If the shape of 2D arrays increase, the for loop can be slow. I have found the numba integrand example, however it doesn't accept the upper and lower limit.

zxdawn
  • 825
  • 1
  • 9
  • 19
  • Did you seek for any equivalent module, if exist, in scikit learn library? If so, perhaps that be faster for case of huge data; I briefly explain why on a section of [my previous answer (4th-5th paragraph)](https://stackoverflow.com/a/71332351/13394817). – Ali_Sh May 16 '22 at 18:53
  • @Ali_Sh Thanks. So, could you point out which module in scikit learn library is equivalent? And how to apply that in detail? – zxdawn May 16 '22 at 20:07
  • I am not sure if there be an equivalent module in Scikit (not found in my quick search). I just mentioned that for further searches, if it is of importance, and the probable causes of slowness of SciPy on huge data in the link. – Ali_Sh May 17 '22 at 11:50

1 Answers1

2

Like in this previous answer, you can use Numba to speed up the lambda calls that are very slow due to big Numpy overheads (Numpy is not optimized to operate on scalar and is very slow to do that). Even better: you can tell to Numba to generate a C function which can be called directly from Scipy with a very small overhead (since it almost completely remove the overhead of the slow CPython interpreter). You can also also pre-compute the division by a variable and convert it to a multiplication (faster).

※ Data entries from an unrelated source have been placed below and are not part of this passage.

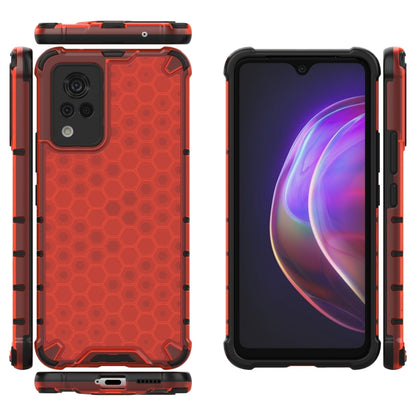 For vivo V21 Shockproof Honeycomb PC + TPU Case(Red) - vivo Cases by buy2fix | Online Shopping UK | buy2fix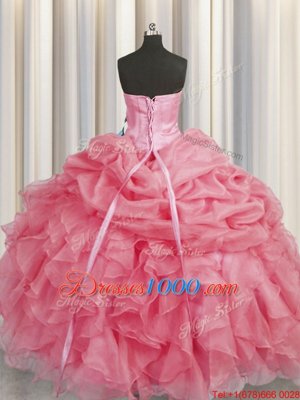 Organza Sweetheart Sleeveless Lace Up Beading and Ruffles Ball Gown Prom Dress in Coral Red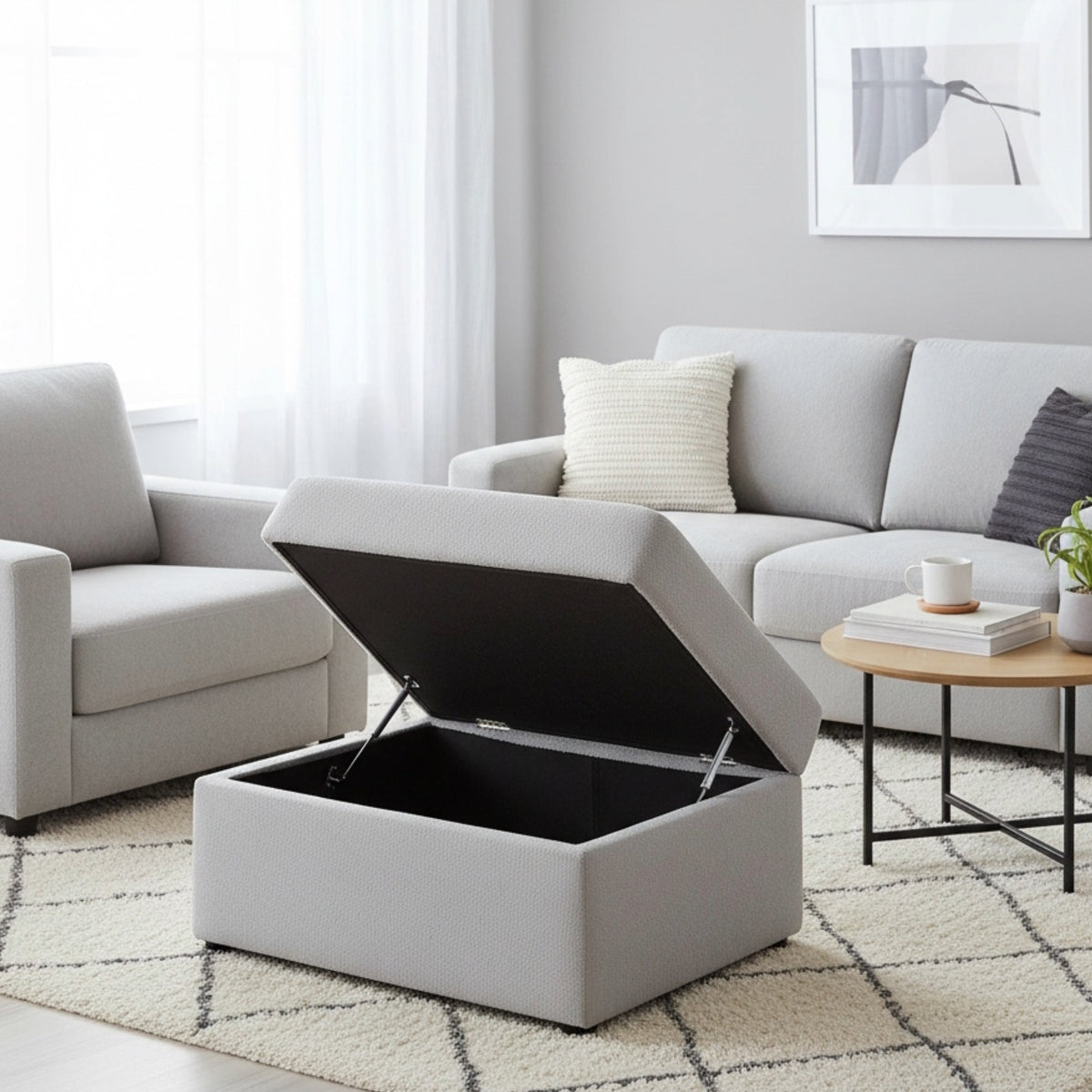Chauncy Storage Ottoman - Gray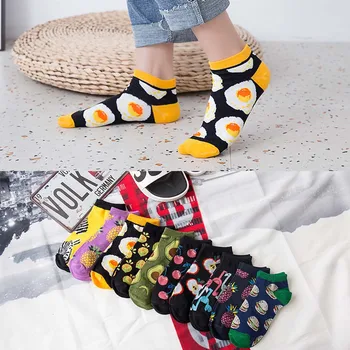 

Fashion Women Socks Cute Fruit Spring Summer Cotton Short Female Socks Avocado Food Print Creative Funny Girls Socks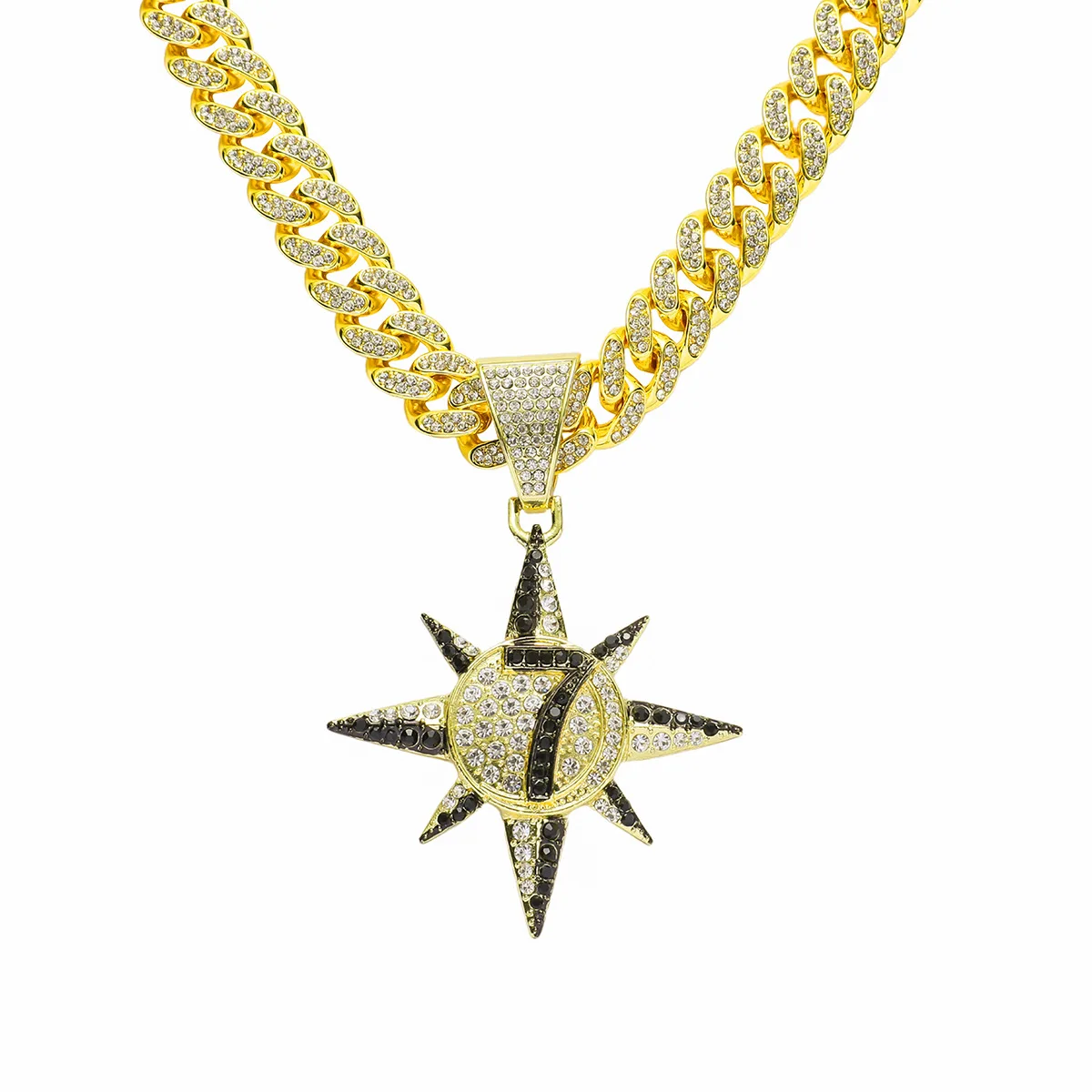 

Hip Hop Lucky Number 7 Stars Men's Gift Cuba Necklace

Here is the resulting code:

import numba as nb
import numpy as np
import scipy as sp

factor = -1.0 / (2 * np.power(peak_width, 2))

# change row and col to test speed
row = 100; col = 100; peak_height=300; peak_width=60

@nb.cfunc('float64(float64)')
def compute_numba(x):
    return np.exp(np.power(x - peak_height, 2) * factor)

compute_c = sp.LowLevelCallable(compute_numba.ctypes)

def integrate_lno2(top, bottom):
    return sp.integrate.quad(compute_c, top, bottom)[0]

top = np.linspace(100, 200, row*col).reshape(row, col)
bottom = np.linspace(800, 900, row*col).reshape(row, col)

res = np.zeros((row, col))

for i in range(row):
    for j in range(col):
        res[i, j] = integrate_lno2(top[i, j], bottom[i, j])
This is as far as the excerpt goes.